Includes unlimited streaming of Function Underground: The Black and Brown American Rock Sound 1969-1974
via the free Bandcamp app, plus high-quality download in MP3, FLAC and more.
14 tracks by Jimi Macon, Black Maffia, Blacklites and more, many reissued for the first time. LP and CD with extensive booklet, filled with notes notes on an overlooked and important portion of rock n’ roll’s history. LP contains download card with WAV files.
Nearly everyone in the world can rattle off the great African-American musical forms. Jazz, blues, R&B, soul, hip-hop, house, gospel. One influential genre is always left off of the list: a folk music known as rock n’ roll. Rock n’ roll was a term originally coined to market the white-friendly version of a genre that already existed; prior to 1965, the line between rock n’ roll and R&B was thin: Ike Turner recorded and released “Rocket ‘88’ ” in 1951 and, while its Chess Records release reached number one on the Billboard R&B chart, it is regarded by many as the first rock n’ roll record.
The Great Divide between R&B and rock n’ roll came after the Beatles and the British Invasion decimated the Top 40 chart in 1964. Simultaneously, R&B entered a new phase, soon to be labeled “soul,” which upped the music’s gospel quotient and turned its frantic twang. So somewhere in the mid to late-1960s, rock n’ roll became perceived as something for the Caucasian kids. When Jimi Hendrix and Arthur Lee made the scene, they were said to be black musicians entering into a white world. While that couldn’t be farther from the truth, that false dichotomy has existed in America’s popular conscious ever since, to the point where the idea of a black rock musician is on the level with the idea of a black cowboy.
In the mid-1960s, funk replaced soul as the rhythm that was going to move the world. We know all its progenitor – James Brown, The Meters, Kool & The Gang – and their innovations: the syncopated, 4/4 dance between the bass and drums, horns repurposed as percussion, chicken-scratch and wah-wah guitar. We can trace where they came from. But there is one crucial funk influence that no one seems to want to acknowledge – a devil-may-care attitude we can attribute to rock n’ roll. It’s not a stretch to say that funk is the African-American answer to psychedelia and hard rock rolled into one.

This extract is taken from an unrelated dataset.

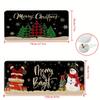 Set Christmas Kitchen Floor Mats Non Slip Washable Snowman Plaid Tree Snowflake Runner Rug for Family Xmas Holiday Decor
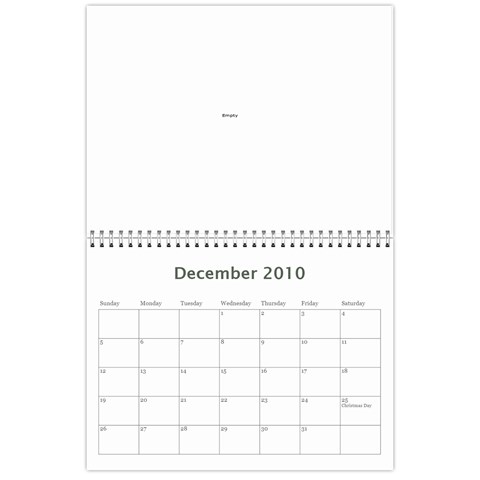 Moms  Birthday Calendar By Diana Davis Dec 2010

The idea of “progressivism” that took over rock music after psychedelia’s heyday in the late 1960s belatedly spilled over to funk. In the early 1970s, as the underground/psychedelic fire burnt out in the white rock world, it roared to a blaze in the black musical community. Nearly every American city with a large black population boasted self-contained funk bands that didn’t consider themselves simply revues or backup groups, but rather fully-operational ensembles In these bands, everything from composing, arranging, record production and distribution, was handled in house by band members. These are the bands whose music comprises this anthology, and while they’re all different, they’re unique in one way: they kept their ears open for new developments in funk and rock music.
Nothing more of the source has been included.